A writeup of this data collection experience, and a data visual-heavy report of the above match can be read on my blog here, containing figures like this!
All data is stored in the events.csv
file, which includes the following columns:
- Set: The current set number.
- Player1_Sets/ Player2_Sets: The current number of sets won by each player (Player1 is Djokovic).
- Game: The current game number within the current set.
- Player1_Game/ Player2_Game: The current number of games won by each player in the current set.
- Tiebreak: 1 indicates a Tiebreak is ongoing, 0 otherwise.

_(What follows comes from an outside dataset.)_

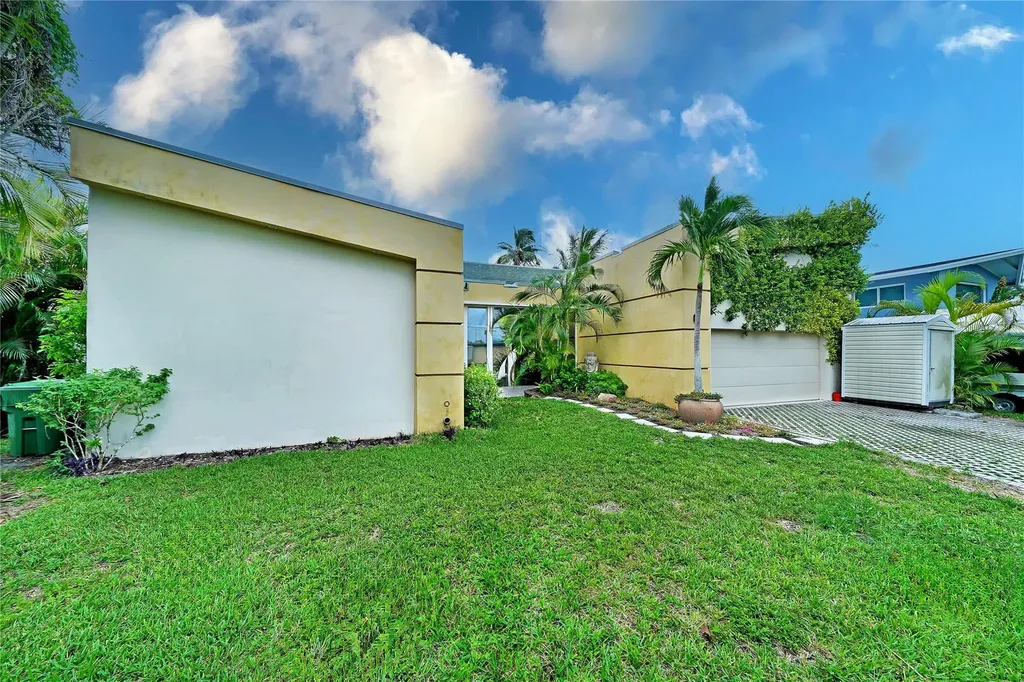 2631 Okeechobee Lane Fort Lauderdale FL 33312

- Player1_Score/Player2_Score: The current score (e.g. 0/15/30/40/A) of each player in the current point.
- Point: The current overall point number in the match.
- Stroke_Number: The current stroke/shot number in the point.
- Point_Winner: Indicates the winner of a point-ending shot. '-' if shot is not point-ending.
- Player: The player hitting the current shot.
- Serving: The player who served in the current point.
- BP: 1 indicates that the current shot is played in either player's break point.
- SP: 1 indicates that the current shot is played in either player's set point.
- Shot_Side: Forehand (FH) or Backhand (BH).
- Shot_Type: Indicates the type of shot played e.g. 1st Serve, Topspin, Slice.
- X: The x-coordinate (in meters) of the shot contact location (ball-racket), measured from the centre of the court (0,0).
- Y: The y-coordinate (in meters) of the shot contact location (ball-racket), measured from the centre of the court (0,0).
- X2: The x-coordinate (in meters) of the shot bounce location (unless no-bounce is mentioned in the "Remarks" column), measured from the centre of the court (0,0).
- Y2: The y-coordinate (in meters) of the shot bounce location (unless no-bounce is mentioned in the "Remarks" column), measured from the centre of the court (0,0).
- Outcome: The shot outcome e.g. Winner, Forced-Error, Fault, In-Play.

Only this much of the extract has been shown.